On the Ground
When I began riding my bike to Tosi's, I took the same route I took in the van: straight north over the shoulder of Mt Tabor. It was a bit of an incline, but one I barely noticed that when I was driving.
Riding the bike, I discovered, was another matter entirely. It wasn't a bit of an incline. It was steep. I geared down and geared down and finally -- on my first couple rides, anyway -- dismounted and walked the bike up the last half-block, feeling a little silly.
Now I simply swing west a couple blocks and avoid the ridge altogether. Now that I'm riding regularly it's second nature to avoid inclines, either up or down. I learned in my mountain climbing days that elevation is precious: you never wantonly waste it. "Never go down before you go up," my Dad taught me. Bicycles teach the same lesson. Going straight up over the ridge was obviously squandering energy.

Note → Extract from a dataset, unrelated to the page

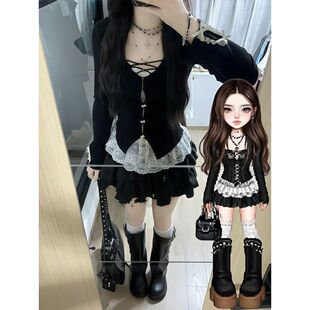 【黑曼巴】2025秋季辣妹轻亚穿搭两件套装女拼接假两件上衣+短裙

A driver of a new hybrid told me that his car has a dashboard gauge that shows the real-time MPG the car is getting, and that he drives radically differently on account of it. Watching that gauge drop down to single digits when he was accelerating uphill on the freeway -- when gas is $3.25 a gallon -- was a sobering sight. Ordinarily, automobiles do their best to conceal the variation from us. That's what we like: feeling that we can swoop anywhere, effortlessly.
But the illusion comes at a price, and not only in gasoline; you pay for it, eventually, with your spatial sense and groundedness. It disturbs me now that, after years of driving over it, I knew so little of the lay of the land around my house. South and west is downhill: I can coast most of the way to Tom's, but I labor back. But I had no idea of that, before I was cycling. I thought it was all flat.
A whole countryful of people who float over the ground like wraiths, with no sense of geography, whether local or international: I can't help thinking that explains a lot about the American sensibility, or -- to be more accurate -- the American insensibility. Our feet don't touch the ground. For a commercial people, we are remarkably resistant to getting down to facts, to reckoning prices, to weighing costs and benefits. Would we have gone to war in Iraq, had the government begun the war by presenting every household in the country with a bill for $5,000 dollars? I doubt it. But we seem to be unable to think like that.